I sometimes wonder what this play symbolizes. It paints a strange and pessimistic view of male-female relationships. The woman appears as prying-insisting on knowing all the deep dark secrets of her mate. She says his secrets will not disgust her and that that is how they can establish true intimacy. When he gives in and shares his deep dark past, she is repulsed. He is not the man she thought he was.
In Balazs’ libretto, Judith guesses the secret of the seventh door. Behind it she will find his murdered wives, proof that he really is a monster unworthy of her love and she has conquered him. When she opens the final door, however, she sees that his three former wives are still alive. What’s more, they are still beautiful and cloaked in golden robes and bedecked with jewels. Bluebeard sings of how he found them at youth, middle age, and finally as an old man. Each one controls a part of his day, and Judith now will be mistress of the night. He puts a heavy mantle on her and she joins the other wives in the seventh room.
As I said, this opera is probably not the thing you would take a blind date to. Nor even your mother. In fact, I’ve never met anyone else who’s ever heard of it or raved about it. It is a dark piece. But I find it so far ahead of its time.
Think about the times period when it was written.

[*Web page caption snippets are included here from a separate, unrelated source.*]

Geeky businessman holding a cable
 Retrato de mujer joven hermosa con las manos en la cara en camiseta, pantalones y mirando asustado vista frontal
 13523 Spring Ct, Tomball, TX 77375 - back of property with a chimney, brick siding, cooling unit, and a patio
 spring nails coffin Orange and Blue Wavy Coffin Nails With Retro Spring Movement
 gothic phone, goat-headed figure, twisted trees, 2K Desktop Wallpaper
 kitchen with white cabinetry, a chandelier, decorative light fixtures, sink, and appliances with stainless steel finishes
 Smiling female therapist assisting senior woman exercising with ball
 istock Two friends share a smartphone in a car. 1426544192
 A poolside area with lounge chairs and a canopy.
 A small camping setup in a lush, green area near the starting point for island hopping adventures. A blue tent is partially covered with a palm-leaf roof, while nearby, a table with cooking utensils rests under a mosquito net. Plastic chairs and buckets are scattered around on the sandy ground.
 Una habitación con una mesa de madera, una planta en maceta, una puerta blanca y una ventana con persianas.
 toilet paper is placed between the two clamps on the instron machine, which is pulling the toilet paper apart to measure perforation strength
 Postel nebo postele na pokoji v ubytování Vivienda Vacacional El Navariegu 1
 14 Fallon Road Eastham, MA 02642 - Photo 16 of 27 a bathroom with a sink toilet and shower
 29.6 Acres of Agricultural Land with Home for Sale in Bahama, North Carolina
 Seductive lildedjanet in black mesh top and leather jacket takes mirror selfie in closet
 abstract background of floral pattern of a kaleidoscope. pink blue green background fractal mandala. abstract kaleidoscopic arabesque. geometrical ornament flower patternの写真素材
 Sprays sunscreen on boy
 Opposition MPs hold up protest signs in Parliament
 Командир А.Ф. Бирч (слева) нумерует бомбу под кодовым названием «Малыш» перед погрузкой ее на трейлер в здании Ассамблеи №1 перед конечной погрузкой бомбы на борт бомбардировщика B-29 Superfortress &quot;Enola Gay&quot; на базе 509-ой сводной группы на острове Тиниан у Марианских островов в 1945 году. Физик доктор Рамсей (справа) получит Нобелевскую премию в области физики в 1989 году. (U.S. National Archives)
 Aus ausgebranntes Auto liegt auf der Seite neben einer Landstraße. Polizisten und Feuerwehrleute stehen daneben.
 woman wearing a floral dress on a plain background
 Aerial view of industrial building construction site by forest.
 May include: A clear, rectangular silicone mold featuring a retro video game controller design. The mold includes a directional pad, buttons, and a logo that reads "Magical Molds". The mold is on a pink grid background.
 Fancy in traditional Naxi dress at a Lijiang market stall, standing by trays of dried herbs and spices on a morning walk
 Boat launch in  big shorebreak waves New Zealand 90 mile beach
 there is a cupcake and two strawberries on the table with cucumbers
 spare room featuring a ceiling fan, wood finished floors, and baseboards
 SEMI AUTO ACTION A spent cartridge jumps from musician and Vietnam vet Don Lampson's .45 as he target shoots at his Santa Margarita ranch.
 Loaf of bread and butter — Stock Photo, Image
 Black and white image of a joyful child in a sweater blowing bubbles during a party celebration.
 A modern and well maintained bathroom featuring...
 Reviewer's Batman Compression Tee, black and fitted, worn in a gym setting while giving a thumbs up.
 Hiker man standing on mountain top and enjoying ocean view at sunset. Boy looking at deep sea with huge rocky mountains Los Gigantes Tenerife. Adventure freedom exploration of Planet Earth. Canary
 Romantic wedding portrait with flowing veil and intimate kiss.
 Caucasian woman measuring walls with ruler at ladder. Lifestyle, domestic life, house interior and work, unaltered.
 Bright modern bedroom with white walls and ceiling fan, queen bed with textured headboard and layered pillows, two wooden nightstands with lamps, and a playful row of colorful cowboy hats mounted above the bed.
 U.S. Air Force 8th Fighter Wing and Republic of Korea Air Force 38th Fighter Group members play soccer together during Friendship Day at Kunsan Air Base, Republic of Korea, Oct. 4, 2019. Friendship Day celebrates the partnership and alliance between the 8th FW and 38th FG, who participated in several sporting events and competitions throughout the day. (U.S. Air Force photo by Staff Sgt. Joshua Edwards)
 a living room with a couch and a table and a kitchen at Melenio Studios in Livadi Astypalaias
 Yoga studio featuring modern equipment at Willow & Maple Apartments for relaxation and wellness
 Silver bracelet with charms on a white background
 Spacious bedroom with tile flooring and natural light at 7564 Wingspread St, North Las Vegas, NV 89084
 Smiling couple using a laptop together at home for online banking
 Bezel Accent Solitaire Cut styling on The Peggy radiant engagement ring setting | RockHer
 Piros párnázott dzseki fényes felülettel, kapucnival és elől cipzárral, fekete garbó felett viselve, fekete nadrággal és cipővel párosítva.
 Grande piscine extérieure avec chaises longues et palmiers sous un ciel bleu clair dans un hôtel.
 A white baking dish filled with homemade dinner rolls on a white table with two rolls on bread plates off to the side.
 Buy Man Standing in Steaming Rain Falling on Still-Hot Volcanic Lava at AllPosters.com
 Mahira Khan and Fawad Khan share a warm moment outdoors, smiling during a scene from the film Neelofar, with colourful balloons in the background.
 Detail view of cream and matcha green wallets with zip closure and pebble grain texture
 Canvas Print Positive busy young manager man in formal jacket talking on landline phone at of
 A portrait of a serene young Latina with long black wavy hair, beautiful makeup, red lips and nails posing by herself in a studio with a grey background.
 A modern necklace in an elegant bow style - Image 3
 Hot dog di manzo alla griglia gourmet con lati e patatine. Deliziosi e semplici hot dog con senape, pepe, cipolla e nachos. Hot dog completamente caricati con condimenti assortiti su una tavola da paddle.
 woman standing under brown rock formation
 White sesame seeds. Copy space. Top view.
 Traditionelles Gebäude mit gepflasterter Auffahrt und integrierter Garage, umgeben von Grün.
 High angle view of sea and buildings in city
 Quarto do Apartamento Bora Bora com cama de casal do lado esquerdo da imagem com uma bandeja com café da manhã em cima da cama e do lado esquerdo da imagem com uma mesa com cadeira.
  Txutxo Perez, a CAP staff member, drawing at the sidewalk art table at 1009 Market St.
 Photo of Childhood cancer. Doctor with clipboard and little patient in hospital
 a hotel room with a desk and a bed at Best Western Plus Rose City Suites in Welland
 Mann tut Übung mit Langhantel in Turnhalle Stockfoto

Europe and the Austro-Hungarian Empire is being broken apart by World War I and ethnic conflicts which erupted again in the 1990s. Philosophical religious and psychological beliefs are being transformed and Freud shines a spotlight in on the dark parts of the human mind. Freud pretty much said man is an animal with base desires that must be repressed, and in so doing they give us neuroses. Balazs view is more complex, and even Jungian in nature. That is, we all have these dark sides to our persona, and they need to be integrated and accepted before true healing can take place.
For me, “Bluebeard’s Castle” also represents one of the last listenable pieces of vocal music in the academic tradition before atonality and serialism lay waste to it for the next 50 or so years. After this comes the anti-song works of Schoenberg (Pierrot Lunaire). People have become so disaffected with this stuff and perhaps that explains why so many have gone back to square one and started listening to Gregorian chants again. The pendulum has swung the other way, but now we’re seeing modern composers, like John Tavener, trying to create a fusion of the old and new. People get so upset when one trend dies an a new one takes its place. But these things go in cycles and the much-maligned masses should sometimes be commended for “knowing what they like.”